The Talibangelicals are at it too, down in Florida lawmakers are debating a bill to introduce Christian license plates for cars. Pretty soon you'll be able to get a vanity plate that says "ILUVBIGTITS" and has a nice Crucifix alongside. It's nice to see that "the War On Good Taste" continues unabated .

Meanwhile in Texas authorities raided a Polygamous ranch and took over 400 children into care. Sometimes "Freedom of Religion" has its drawbacks....

Saturday, April 12, 2008

The Raconteurs

His name was Brian, an Irish-American guy from South Ozone Park in Queens. Her name was Barbara and she was from Perth Australia even though she had been in New York City for a long time. They met almost twenty years ago whilst they were on jury duty together when Brian was kicked off the jury for being drunk and they went to the pub together afterwards. They've been drinking and living the life ever since.

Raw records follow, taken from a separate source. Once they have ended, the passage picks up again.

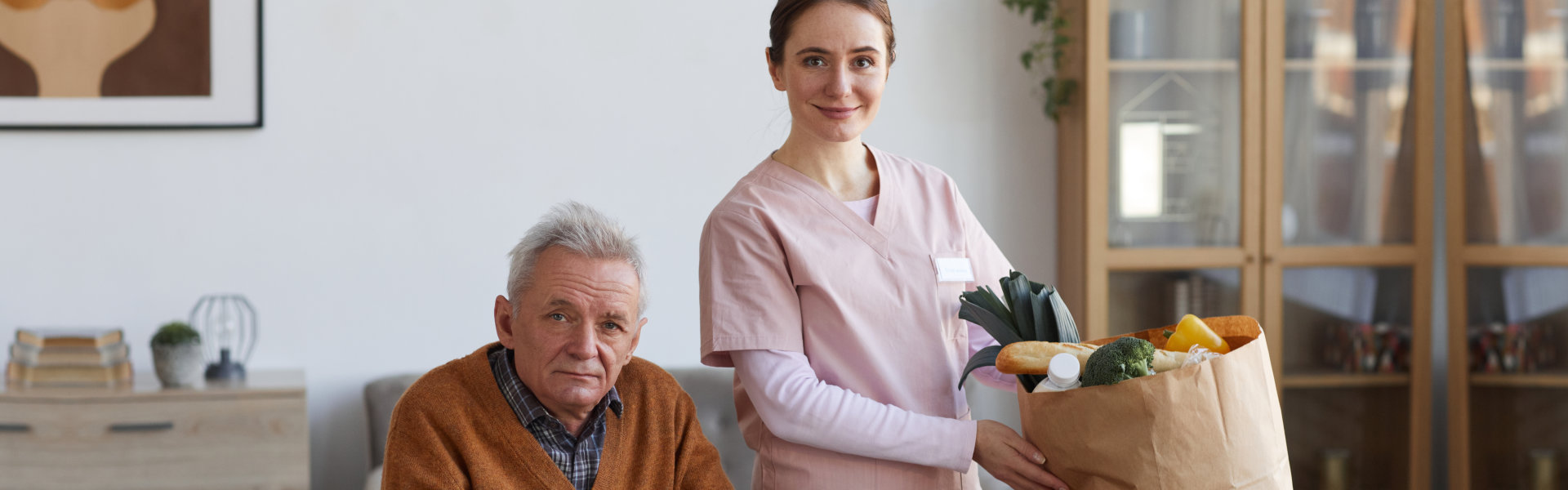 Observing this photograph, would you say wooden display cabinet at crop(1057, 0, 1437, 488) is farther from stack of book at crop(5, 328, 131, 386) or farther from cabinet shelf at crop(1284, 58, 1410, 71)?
stack of book at crop(5, 328, 131, 386)

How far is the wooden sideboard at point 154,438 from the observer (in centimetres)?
264

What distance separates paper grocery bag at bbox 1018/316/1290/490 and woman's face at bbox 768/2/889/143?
40cm

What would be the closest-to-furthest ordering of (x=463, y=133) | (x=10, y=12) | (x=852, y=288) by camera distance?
(x=852, y=288), (x=10, y=12), (x=463, y=133)

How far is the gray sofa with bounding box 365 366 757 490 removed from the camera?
2953 millimetres

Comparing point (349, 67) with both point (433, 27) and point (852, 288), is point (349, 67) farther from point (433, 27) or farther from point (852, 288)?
point (852, 288)

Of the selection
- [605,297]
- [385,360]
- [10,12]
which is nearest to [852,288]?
[605,297]

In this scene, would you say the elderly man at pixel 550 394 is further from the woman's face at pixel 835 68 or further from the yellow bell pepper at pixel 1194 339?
the yellow bell pepper at pixel 1194 339

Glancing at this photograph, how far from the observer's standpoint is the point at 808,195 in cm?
137

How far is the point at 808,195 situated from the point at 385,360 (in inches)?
83.7

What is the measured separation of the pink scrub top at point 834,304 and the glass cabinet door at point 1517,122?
7.58ft

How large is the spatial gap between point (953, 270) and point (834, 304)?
0.17 m

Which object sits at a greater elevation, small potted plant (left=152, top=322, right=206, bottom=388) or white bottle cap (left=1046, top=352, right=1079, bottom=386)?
white bottle cap (left=1046, top=352, right=1079, bottom=386)

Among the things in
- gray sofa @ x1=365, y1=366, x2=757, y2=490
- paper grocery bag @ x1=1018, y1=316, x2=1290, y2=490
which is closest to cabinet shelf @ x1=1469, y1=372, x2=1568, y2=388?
gray sofa @ x1=365, y1=366, x2=757, y2=490

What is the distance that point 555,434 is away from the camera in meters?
1.45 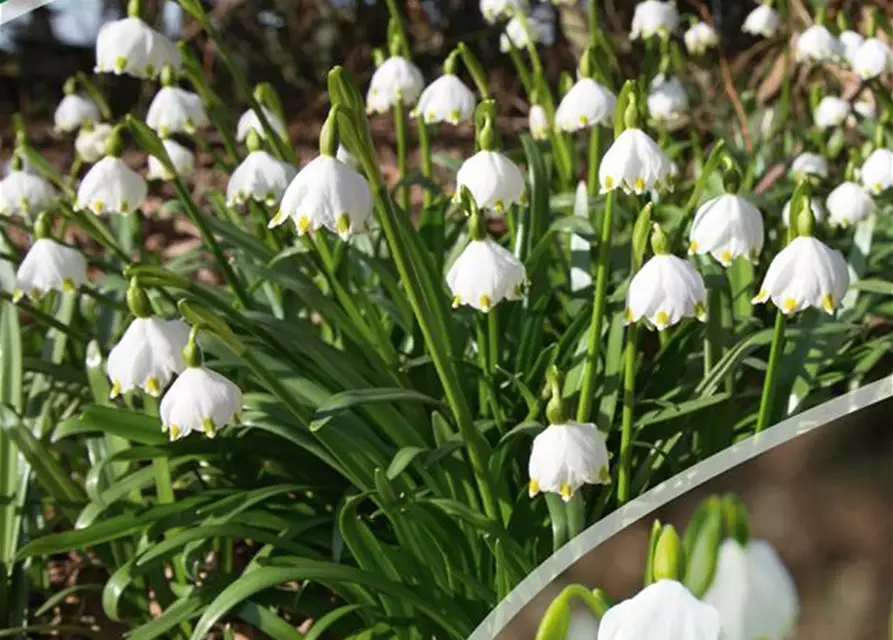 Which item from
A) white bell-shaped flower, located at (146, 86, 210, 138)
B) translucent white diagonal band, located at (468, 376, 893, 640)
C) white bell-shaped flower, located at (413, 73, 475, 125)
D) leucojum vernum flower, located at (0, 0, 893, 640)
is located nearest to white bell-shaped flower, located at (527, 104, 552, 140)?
leucojum vernum flower, located at (0, 0, 893, 640)

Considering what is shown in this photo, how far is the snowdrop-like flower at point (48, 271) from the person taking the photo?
6.90 feet

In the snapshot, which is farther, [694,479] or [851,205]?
[851,205]

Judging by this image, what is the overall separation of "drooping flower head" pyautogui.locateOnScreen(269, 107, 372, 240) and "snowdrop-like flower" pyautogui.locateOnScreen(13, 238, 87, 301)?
67 centimetres

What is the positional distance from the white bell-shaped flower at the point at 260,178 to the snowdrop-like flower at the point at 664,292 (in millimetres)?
896

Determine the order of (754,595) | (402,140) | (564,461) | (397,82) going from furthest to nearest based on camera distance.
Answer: (402,140)
(397,82)
(564,461)
(754,595)

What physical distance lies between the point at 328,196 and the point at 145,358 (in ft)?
1.27

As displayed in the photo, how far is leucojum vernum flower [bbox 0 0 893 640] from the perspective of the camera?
5.62 feet

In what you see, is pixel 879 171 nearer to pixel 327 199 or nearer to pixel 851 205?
pixel 851 205

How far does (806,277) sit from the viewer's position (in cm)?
157

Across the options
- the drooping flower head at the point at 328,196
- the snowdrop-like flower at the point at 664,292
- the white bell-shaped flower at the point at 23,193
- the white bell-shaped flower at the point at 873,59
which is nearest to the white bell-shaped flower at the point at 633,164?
the snowdrop-like flower at the point at 664,292

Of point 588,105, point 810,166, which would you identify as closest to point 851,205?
point 810,166

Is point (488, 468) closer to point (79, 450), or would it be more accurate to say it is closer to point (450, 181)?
point (79, 450)

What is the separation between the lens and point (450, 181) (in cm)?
461

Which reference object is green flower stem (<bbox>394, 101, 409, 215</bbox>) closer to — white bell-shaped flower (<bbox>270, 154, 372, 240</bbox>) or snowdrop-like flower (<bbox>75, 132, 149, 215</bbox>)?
snowdrop-like flower (<bbox>75, 132, 149, 215</bbox>) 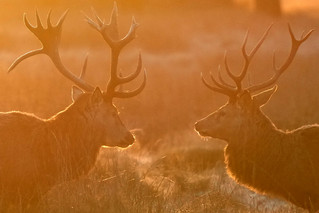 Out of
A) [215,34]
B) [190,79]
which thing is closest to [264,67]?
[190,79]

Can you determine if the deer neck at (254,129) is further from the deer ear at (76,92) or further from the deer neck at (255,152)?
the deer ear at (76,92)

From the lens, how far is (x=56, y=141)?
9938mm

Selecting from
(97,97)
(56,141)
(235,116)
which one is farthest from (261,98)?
(56,141)

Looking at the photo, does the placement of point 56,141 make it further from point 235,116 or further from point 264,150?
point 264,150

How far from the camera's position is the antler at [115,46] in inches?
409

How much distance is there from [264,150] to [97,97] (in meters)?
2.12

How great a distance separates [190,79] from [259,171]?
38.4 feet

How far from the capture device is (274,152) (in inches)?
436

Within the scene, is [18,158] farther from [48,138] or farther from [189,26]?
[189,26]

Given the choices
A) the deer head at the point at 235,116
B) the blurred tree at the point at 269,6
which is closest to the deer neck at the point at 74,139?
the deer head at the point at 235,116

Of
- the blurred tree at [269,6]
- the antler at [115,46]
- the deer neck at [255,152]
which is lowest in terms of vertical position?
the deer neck at [255,152]

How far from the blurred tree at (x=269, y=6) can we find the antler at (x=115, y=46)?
19.9 meters

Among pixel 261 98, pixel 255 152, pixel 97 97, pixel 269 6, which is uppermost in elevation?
pixel 269 6

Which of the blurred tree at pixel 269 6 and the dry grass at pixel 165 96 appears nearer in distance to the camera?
the dry grass at pixel 165 96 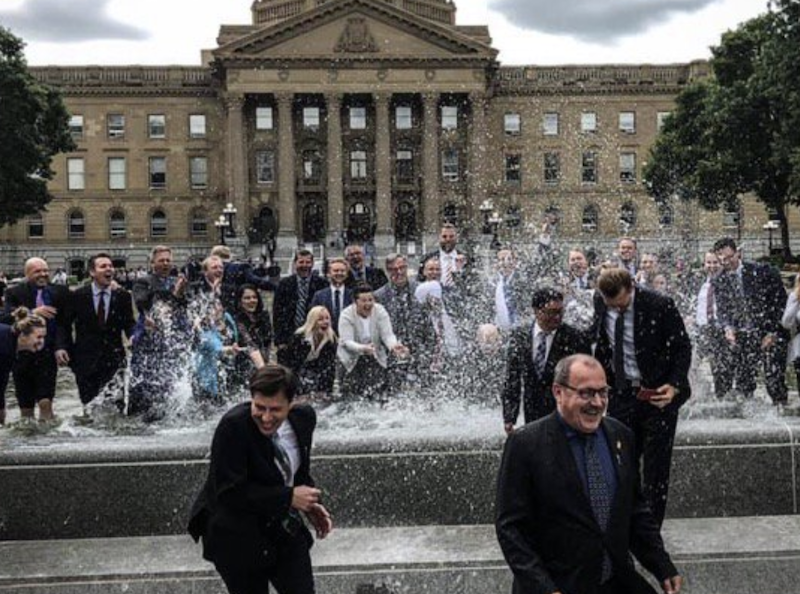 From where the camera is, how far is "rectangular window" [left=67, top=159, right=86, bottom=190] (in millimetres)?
77375

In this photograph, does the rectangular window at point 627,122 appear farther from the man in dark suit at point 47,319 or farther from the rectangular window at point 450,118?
the man in dark suit at point 47,319

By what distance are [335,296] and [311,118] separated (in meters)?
65.9

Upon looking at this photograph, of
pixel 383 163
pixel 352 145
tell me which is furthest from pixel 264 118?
pixel 383 163

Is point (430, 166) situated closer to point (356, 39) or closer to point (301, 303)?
point (356, 39)

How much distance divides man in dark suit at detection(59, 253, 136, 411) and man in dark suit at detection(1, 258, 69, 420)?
12 centimetres

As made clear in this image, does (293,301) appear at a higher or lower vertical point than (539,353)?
higher

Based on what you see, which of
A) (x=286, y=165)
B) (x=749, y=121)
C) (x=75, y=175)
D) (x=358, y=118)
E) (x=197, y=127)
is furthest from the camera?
(x=75, y=175)

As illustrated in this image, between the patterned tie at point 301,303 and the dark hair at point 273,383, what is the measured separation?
20.2 ft

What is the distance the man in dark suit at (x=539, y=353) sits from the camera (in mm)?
6184

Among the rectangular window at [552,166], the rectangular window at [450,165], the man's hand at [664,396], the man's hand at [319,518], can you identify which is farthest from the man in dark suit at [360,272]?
A: the rectangular window at [552,166]

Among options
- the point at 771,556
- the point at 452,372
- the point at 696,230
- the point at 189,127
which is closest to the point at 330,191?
→ the point at 189,127

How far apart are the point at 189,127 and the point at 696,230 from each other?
3773 cm

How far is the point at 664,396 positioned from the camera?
6051 millimetres

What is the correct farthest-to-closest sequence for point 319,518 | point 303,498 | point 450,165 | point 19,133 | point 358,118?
1. point 358,118
2. point 450,165
3. point 19,133
4. point 319,518
5. point 303,498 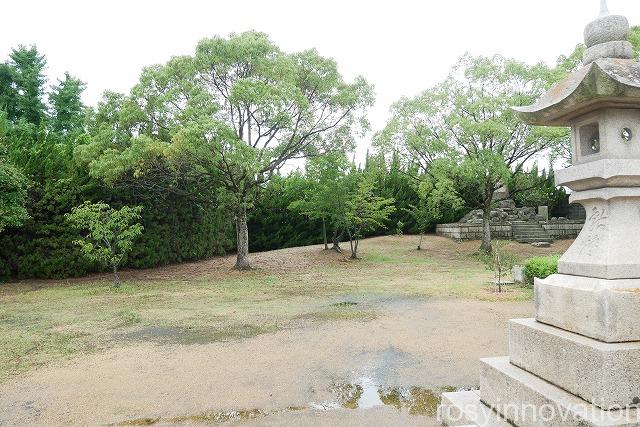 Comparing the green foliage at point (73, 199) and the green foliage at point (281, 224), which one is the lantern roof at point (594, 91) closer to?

I was just leaving the bar to go home when Brian grabbed me.

"Hey! Are you Scottish?".

"Eh.... yes I am"

"Do you know Bobby Carlyle?"

"Eh... not personally, no. But I know who he is".

"Well, let me tell you a story......"

This turns into a tale about how he met Robert Carlyle in a bar and that led to the to the fact that he is Thomas Carlyle's great great great nephew (or something like that, I'm not sure how many "great's" to put in there). This then led to a discussion about Thomas Carlyle's Sator Resartus and it's take on religion.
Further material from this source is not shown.